藤井七段の勝ち上がりにより、今期広瀬章人竜王への挑戦権を争う決勝トーナメント進出者がすべて決まりました。トーナメント表は画像の通りです。
トーナメント表を見渡しますと、やはり左端の豊島将之名人(三冠)と、そのさらに上に控える渡辺明二冠の強力さが際立ちます。竜王戦史上、5組、6組からの挑戦者は未だに現れず、4組から挑戦者が出た例がようやく3例となっていますが、今期も上2枚が相当手厚く、棋界の誰ならこの壁を破れるのか、探すのが大変な状況と言えます。
右のブロックには現役タイトルホルダーは1人のみ。初タイトルを獲得して波に乗る永瀬拓矢叡王です。ただし、先日名人位を失ったばかりの佐藤天彦九段や、A級に復帰を果たし次は悲願の初タイトル獲得に燃える木村一基九段など、タイトル経験者、A級経験者がひしめく状況で、安心とは程遠い状況でしょう。挑戦権獲得までは大変! 誰がどこから出ても大変です。
左から2番目、1999年度、第12期挑戦者である3組優勝の鈴木大介九段は2006年度第19期以来の決勝トーナメント出場。そして今期は弟子である梶浦宏孝四段(6組優勝)とのうれしいダブル出場となりました。前述の通りどちらも茨の道が待ち受けていますが、師弟による相乗効果、そろっての奮戦が期待できます。

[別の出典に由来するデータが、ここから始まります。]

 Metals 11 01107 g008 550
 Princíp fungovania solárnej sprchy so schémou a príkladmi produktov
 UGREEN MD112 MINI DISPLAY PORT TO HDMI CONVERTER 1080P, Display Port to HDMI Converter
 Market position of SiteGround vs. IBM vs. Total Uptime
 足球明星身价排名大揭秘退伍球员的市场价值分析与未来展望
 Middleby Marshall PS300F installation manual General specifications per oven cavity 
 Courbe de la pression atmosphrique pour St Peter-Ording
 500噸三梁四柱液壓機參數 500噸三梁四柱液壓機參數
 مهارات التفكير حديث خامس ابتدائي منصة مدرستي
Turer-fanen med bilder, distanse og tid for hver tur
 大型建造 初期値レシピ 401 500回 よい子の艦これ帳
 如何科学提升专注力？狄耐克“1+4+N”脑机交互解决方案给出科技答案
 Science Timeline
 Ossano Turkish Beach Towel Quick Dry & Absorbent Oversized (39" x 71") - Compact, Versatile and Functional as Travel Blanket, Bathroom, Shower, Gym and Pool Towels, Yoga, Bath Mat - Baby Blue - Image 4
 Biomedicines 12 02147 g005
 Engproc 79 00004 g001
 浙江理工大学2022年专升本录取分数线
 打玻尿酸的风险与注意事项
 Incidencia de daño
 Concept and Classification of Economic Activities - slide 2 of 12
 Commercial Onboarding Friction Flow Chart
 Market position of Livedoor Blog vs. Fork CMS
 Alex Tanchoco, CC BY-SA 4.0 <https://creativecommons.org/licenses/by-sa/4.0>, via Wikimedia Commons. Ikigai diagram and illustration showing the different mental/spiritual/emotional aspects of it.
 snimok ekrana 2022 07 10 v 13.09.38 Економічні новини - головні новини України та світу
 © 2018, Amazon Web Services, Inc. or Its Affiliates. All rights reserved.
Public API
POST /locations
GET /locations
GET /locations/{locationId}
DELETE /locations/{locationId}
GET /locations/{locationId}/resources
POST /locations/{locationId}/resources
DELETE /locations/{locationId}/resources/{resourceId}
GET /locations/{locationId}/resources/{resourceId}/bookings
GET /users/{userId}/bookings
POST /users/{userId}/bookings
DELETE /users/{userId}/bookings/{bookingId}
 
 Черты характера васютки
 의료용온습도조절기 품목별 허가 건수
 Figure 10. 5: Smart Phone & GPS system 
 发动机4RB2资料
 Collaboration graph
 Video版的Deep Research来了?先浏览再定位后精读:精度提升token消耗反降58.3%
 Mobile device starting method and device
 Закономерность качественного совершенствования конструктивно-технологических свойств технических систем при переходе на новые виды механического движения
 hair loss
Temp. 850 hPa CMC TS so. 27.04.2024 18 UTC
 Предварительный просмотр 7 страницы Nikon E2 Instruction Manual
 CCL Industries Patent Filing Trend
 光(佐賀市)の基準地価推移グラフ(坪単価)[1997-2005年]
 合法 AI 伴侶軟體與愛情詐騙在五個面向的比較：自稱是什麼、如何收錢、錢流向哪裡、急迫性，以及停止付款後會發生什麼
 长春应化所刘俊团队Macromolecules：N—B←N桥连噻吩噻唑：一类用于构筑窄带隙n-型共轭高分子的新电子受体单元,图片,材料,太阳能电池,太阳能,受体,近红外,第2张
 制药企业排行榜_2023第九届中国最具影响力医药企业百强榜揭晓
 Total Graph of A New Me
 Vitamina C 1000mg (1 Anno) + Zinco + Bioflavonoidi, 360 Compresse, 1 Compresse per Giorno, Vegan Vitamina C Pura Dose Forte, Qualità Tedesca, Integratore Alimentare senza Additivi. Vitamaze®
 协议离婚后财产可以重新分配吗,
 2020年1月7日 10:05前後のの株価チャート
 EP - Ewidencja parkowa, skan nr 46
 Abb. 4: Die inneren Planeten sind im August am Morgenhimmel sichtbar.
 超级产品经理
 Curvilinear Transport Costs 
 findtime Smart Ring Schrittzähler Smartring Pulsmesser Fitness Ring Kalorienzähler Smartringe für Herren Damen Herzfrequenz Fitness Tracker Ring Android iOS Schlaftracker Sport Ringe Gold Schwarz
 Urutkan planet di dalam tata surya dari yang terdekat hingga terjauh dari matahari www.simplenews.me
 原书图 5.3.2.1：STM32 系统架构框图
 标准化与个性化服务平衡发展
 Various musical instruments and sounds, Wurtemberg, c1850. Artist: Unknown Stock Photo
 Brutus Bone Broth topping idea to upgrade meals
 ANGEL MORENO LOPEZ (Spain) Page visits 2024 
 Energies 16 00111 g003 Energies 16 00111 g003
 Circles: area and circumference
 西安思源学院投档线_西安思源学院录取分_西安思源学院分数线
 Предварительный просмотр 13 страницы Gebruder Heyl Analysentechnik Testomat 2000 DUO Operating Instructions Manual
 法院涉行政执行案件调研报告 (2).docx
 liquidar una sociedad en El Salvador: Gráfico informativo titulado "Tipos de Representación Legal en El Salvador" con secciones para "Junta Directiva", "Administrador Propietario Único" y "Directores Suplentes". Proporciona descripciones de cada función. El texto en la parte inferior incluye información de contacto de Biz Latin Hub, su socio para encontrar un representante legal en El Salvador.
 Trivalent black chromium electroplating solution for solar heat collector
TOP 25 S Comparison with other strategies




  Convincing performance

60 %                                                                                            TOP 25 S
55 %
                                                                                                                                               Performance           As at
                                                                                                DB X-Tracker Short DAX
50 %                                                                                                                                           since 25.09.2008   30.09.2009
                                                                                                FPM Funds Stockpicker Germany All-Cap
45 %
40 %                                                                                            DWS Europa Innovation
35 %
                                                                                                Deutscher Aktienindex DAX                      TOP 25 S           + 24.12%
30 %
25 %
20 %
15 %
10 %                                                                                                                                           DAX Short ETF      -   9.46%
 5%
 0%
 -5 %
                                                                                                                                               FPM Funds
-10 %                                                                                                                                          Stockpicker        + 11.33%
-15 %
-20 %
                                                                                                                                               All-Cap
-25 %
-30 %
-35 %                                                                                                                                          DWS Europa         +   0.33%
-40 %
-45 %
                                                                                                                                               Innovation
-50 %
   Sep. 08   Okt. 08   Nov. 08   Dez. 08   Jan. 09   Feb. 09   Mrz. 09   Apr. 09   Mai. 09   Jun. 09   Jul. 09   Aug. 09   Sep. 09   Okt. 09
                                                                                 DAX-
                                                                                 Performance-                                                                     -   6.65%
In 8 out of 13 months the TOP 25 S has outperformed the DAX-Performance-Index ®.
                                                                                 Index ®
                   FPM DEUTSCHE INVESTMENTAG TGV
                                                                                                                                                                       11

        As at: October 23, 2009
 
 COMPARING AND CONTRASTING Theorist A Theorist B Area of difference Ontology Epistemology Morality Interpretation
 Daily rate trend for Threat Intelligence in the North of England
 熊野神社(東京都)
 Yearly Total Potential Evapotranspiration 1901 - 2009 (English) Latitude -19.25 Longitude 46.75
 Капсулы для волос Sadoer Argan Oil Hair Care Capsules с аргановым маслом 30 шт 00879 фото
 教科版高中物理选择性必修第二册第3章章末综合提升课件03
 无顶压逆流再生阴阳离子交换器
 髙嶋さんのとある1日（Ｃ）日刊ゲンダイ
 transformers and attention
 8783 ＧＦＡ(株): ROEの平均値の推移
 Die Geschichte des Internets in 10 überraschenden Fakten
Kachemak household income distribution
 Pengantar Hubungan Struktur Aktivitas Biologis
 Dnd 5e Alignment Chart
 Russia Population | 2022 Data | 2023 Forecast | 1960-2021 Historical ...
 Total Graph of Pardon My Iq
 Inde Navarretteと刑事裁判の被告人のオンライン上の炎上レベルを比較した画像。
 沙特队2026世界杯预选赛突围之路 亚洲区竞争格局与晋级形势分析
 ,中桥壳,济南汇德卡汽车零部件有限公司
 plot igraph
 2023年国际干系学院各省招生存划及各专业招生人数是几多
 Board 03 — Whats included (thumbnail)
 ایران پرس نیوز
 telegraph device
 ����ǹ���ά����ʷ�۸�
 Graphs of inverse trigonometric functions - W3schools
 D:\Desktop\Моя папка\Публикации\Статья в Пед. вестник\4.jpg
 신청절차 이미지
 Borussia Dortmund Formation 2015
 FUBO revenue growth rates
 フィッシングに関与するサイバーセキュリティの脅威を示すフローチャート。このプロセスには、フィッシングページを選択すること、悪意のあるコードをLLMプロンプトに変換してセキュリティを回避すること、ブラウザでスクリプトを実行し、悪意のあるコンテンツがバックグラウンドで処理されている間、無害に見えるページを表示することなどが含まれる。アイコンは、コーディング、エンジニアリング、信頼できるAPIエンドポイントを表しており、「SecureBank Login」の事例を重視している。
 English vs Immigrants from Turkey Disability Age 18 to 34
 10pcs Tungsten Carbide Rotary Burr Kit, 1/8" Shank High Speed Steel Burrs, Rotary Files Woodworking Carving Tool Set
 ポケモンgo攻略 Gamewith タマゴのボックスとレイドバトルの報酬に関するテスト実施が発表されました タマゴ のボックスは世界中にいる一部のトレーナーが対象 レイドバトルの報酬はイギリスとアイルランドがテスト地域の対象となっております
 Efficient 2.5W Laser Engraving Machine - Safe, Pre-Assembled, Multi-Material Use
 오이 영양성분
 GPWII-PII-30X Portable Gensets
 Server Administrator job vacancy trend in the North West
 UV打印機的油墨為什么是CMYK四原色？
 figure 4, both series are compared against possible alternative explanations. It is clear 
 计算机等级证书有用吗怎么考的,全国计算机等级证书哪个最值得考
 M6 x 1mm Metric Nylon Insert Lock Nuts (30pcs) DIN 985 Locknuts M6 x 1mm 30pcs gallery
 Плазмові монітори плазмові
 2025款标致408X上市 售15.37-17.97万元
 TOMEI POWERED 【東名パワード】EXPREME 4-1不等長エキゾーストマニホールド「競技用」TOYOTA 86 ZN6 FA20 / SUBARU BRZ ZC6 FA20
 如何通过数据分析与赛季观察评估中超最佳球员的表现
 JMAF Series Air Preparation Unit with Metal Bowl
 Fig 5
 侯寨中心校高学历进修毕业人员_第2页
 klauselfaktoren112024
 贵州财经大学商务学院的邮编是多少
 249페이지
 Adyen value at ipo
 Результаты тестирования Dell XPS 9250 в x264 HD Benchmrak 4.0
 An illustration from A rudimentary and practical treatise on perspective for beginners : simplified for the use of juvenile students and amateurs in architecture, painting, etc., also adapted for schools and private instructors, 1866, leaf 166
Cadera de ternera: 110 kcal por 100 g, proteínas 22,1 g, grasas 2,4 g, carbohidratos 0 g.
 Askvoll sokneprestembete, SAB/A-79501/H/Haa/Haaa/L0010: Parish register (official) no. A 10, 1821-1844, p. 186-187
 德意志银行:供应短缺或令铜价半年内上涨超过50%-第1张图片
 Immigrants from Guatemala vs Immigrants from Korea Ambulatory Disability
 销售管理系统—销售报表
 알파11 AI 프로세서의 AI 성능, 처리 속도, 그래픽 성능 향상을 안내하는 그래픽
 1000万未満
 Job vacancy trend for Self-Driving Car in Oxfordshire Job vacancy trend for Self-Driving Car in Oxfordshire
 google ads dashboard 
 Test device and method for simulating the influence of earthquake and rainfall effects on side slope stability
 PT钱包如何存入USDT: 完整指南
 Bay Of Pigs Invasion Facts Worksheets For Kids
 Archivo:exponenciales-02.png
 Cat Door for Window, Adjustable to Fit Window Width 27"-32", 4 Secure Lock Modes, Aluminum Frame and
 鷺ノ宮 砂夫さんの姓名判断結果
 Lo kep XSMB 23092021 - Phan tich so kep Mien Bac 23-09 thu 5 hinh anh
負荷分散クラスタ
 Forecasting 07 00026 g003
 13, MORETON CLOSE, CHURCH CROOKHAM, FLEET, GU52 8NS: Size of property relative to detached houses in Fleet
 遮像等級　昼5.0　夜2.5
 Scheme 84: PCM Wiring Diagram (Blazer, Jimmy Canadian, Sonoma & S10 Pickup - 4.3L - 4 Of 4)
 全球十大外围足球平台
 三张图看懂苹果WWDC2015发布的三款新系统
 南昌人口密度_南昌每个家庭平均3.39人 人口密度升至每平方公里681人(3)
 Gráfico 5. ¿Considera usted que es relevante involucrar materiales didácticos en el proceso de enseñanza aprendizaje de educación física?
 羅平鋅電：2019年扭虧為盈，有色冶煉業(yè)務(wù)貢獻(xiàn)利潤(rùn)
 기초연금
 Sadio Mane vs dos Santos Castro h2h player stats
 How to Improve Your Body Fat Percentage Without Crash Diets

この中から挑戦者決定三番勝負に進むのは、そして広瀬竜王への挑戦権を獲得するのは誰になるのでしょうか。初の5、6組からの挑戦権獲得、藤井七段ファン待望の初挑戦、はたまた夢の舞台での師弟対決実現? 選ばれた11人の棋士は挑戦権獲得に向け1局1局を勝ってゆくしかありませんが、ファンはそんな夢を見ながら、トーナメントを予想するのも一興です。決勝トーナメントは例年6月下旬に開始されています。注目しましょう。